Transcribe the records in their entirety, exactly as given.

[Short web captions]
"""

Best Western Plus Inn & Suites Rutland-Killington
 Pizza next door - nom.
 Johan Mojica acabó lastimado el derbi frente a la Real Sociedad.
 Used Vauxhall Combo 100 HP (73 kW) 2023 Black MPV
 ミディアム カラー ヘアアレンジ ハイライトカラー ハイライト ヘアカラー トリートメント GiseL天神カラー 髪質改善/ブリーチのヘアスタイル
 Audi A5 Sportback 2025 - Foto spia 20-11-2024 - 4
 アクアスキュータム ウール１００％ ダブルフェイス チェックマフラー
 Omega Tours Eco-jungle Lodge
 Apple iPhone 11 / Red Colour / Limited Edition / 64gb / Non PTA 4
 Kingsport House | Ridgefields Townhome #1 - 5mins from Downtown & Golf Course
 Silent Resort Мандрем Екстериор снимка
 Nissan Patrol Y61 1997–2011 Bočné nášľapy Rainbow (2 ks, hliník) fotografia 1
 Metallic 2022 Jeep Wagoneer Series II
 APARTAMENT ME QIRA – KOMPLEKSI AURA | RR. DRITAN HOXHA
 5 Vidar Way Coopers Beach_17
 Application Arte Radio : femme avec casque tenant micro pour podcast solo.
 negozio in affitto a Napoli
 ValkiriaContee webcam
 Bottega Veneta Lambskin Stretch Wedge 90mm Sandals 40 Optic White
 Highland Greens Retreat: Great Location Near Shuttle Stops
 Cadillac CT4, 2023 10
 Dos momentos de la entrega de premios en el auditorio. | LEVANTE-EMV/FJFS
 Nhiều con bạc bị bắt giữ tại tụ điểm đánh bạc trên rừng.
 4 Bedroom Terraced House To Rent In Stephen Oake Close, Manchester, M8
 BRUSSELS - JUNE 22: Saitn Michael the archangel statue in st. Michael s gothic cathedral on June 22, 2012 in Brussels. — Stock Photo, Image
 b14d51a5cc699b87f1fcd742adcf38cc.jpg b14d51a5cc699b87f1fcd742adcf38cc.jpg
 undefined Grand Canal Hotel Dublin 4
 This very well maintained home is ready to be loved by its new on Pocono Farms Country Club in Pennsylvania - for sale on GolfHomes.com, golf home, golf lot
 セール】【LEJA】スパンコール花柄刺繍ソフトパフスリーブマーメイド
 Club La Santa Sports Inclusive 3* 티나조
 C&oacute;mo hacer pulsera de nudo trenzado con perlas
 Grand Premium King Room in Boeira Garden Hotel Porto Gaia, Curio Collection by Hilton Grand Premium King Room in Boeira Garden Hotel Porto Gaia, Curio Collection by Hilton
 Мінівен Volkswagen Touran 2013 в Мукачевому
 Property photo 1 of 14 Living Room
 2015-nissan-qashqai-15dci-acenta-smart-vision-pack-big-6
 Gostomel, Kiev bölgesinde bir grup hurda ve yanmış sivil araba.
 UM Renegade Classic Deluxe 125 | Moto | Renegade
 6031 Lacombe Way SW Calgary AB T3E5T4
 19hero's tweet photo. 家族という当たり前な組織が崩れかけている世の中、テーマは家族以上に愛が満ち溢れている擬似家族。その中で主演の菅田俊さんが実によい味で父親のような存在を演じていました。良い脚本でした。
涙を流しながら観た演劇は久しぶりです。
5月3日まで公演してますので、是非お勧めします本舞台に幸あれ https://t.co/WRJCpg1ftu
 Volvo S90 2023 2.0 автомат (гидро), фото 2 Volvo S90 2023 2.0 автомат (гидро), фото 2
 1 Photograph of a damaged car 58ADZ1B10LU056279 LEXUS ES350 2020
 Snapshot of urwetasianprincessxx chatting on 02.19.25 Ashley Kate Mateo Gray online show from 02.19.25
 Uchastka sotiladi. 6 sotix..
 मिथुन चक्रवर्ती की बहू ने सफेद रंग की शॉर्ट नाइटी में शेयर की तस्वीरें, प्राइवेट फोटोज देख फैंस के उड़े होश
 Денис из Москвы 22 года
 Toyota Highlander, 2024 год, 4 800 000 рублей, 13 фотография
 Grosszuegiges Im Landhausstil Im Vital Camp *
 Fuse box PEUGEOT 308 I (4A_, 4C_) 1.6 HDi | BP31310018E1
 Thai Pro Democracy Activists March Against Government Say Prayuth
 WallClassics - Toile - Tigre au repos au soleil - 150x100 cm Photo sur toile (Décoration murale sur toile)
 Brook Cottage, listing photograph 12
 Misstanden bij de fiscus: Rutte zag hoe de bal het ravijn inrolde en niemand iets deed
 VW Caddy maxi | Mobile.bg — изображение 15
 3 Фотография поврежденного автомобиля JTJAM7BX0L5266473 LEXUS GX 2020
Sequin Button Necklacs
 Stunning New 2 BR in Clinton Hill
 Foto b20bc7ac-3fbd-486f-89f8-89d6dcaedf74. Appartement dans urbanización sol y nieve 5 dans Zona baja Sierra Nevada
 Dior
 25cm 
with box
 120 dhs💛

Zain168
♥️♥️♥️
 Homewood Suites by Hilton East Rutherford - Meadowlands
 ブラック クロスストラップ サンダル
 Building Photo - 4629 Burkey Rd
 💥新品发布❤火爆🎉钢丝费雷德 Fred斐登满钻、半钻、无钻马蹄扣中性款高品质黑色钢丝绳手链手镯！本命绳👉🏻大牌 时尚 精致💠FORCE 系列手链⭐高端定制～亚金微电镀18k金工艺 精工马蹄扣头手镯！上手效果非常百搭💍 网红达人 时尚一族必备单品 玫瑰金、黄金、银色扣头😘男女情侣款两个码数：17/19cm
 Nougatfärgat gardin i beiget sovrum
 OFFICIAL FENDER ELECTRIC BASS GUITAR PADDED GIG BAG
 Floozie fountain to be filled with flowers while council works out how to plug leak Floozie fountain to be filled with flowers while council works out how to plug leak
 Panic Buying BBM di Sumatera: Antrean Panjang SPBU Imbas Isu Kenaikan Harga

"""

# Solution for this task
Best Western Plus Inn & Suites Rutland-Killington
 Pizza next door - nom.
 Johan Mojica acabó lastimado el derbi frente a la Real Sociedad.
 Used Vauxhall Combo 100 HP (73 kW) 2023 Black MPV
 ミディアム カラー ヘアアレンジ ハイライトカラー ハイライト ヘアカラー トリートメント GiseL天神カラー 髪質改善/ブリーチのヘアスタイル
 Audi A5 Sportback 2025 - Foto spia 20-11-2024 - 4
 アクアスキュータム ウール１００％ ダブルフェイス チェックマフラー
 Omega Tours Eco-jungle Lodge
 Apple iPhone 11 / Red Colour / Limited Edition / 64gb / Non PTA 4
 Kingsport House | Ridgefields Townhome #1 - 5mins from Downtown & Golf Course
 Silent Resort Мандрем Екстериор снимка
 Nissan Patrol Y61 1997–2011 Bočné nášľapy Rainbow (2 ks, hliník) fotografia 1
 Metallic 2022 Jeep Wagoneer Series II
 APARTAMENT ME QIRA – KOMPLEKSI AURA | RR. DRITAN HOXHA
 5 Vidar Way Coopers Beach_17
 Application Arte Radio : femme avec casque tenant micro pour podcast solo.
 negozio in affitto a Napoli
 ValkiriaContee webcam
 Bottega Veneta Lambskin Stretch Wedge 90mm Sandals 40 Optic White
 Highland Greens Retreat: Great Location Near Shuttle Stops
 Cadillac CT4, 2023 10
 Dos momentos de la entrega de premios en el auditorio. | LEVANTE-EMV/FJFS
 Nhiều con bạc bị bắt giữ tại tụ điểm đánh bạc trên rừng.
 4 Bedroom Terraced House To Rent In Stephen Oake Close, Manchester, M8
 BRUSSELS - JUNE 22: Saitn Michael the archangel statue in st. Michael s gothic cathedral on June 22, 2012 in Brussels. — Stock Photo, Image
 b14d51a5cc699b87f1fcd742adcf38cc.jpg b14d51a5cc699b87f1fcd742adcf38cc.jpg
 undefined Grand Canal Hotel Dublin 4
 This very well maintained home is ready to be loved by its new on Pocono Farms Country Club in Pennsylvania - for sale on GolfHomes.com, golf home, golf lot
 セール】【LEJA】スパンコール花柄刺繍ソフトパフスリーブマーメイド
 Club La Santa Sports Inclusive 3* 티나조
 C&oacute;mo hacer pulsera de nudo trenzado con perlas
 Grand Premium King Room in Boeira Garden Hotel Porto Gaia, Curio Collection by Hilton Grand Premium King Room in Boeira Garden Hotel Porto Gaia, Curio Collection by Hilton
 Мінівен Volkswagen Touran 2013 в Мукачевому
 Property photo 1 of 14 Living Room
 2015-nissan-qashqai-15dci-acenta-smart-vision-pack-big-6
 Gostomel, Kiev bölgesinde bir grup hurda ve yanmış sivil araba.
 UM Renegade Classic Deluxe 125 | Moto | Renegade
 6031 Lacombe Way SW Calgary AB T3E5T4
 19hero's tweet photo. 家族という当たり前な組織が崩れかけている世の中、テーマは家族以上に愛が満ち溢れている擬似家族。その中で主演の菅田俊さんが実によい味で父親のような存在を演じていました。良い脚本でした。
涙を流しながら観た演劇は久しぶりです。
5月3日まで公演してますので、是非お勧めします本舞台に幸あれ https://t.co/WRJCpg1ftu
 Volvo S90 2023 2.0 автомат (гидро), фото 2 Volvo S90 2023 2.0 автомат (гидро), фото 2
 1 Photograph of a damaged car 58ADZ1B10LU056279 LEXUS ES350 2020
 Snapshot of urwetasianprincessxx chatting on 02.19.25 Ashley Kate Mateo Gray online show from 02.19.25
 Uchastka sotiladi. 6 sotix..
 मिथुन चक्रवर्ती की बहू ने सफेद रंग की शॉर्ट नाइटी में शेयर की तस्वीरें, प्राइवेट फोटोज देख फैंस के उड़े होश
 Денис из Москвы 22 года
 Toyota Highlander, 2024 год, 4 800 000 рублей, 13 фотография
 Grosszuegiges Im Landhausstil Im Vital Camp *
 Fuse box PEUGEOT 308 I (4A_, 4C_) 1.6 HDi | BP31310018E1
 Thai Pro Democracy Activists March Against Government Say Prayuth
 WallClassics - Toile - Tigre au repos au soleil - 150x100 cm Photo sur toile (Décoration murale sur toile)
 Brook Cottage, listing photograph 12
 Misstanden bij de fiscus: Rutte zag hoe de bal het ravijn inrolde en niemand iets deed
 VW Caddy maxi | Mobile.bg — изображение 15
 3 Фотография поврежденного автомобиля JTJAM7BX0L5266473 LEXUS GX 2020
Sequin Button Necklacs
 Stunning New 2 BR in Clinton Hill
 Foto b20bc7ac-3fbd-486f-89f8-89d6dcaedf74. Appartement dans urbanización sol y nieve 5 dans Zona baja Sierra Nevada
 Dior
 25cm 
with box
 120 dhs💛

Zain168
♥️♥️♥️
 Homewood Suites by Hilton East Rutherford - Meadowlands
 ブラック クロスストラップ サンダル
 Building Photo - 4629 Burkey Rd
 💥新品发布❤火爆🎉钢丝费雷德 Fred斐登满钻、半钻、无钻马蹄扣中性款高品质黑色钢丝绳手链手镯！本命绳👉🏻大牌 时尚 精致💠FORCE 系列手链⭐高端定制～亚金微电镀18k金工艺 精工马蹄扣头手镯！上手效果非常百搭💍 网红达人 时尚一族必备单品 玫瑰金、黄金、银色扣头😘男女情侣款两个码数：17/19cm
 Nougatfärgat gardin i beiget sovrum
 OFFICIAL FENDER ELECTRIC BASS GUITAR PADDED GIG BAG
 Floozie fountain to be filled with flowers while council works out how to plug leak Floozie fountain to be filled with flowers while council works out how to plug leak
 Panic Buying BBM di Sumatera: Antrean Panjang SPBU Imbas Isu Kenaikan Harga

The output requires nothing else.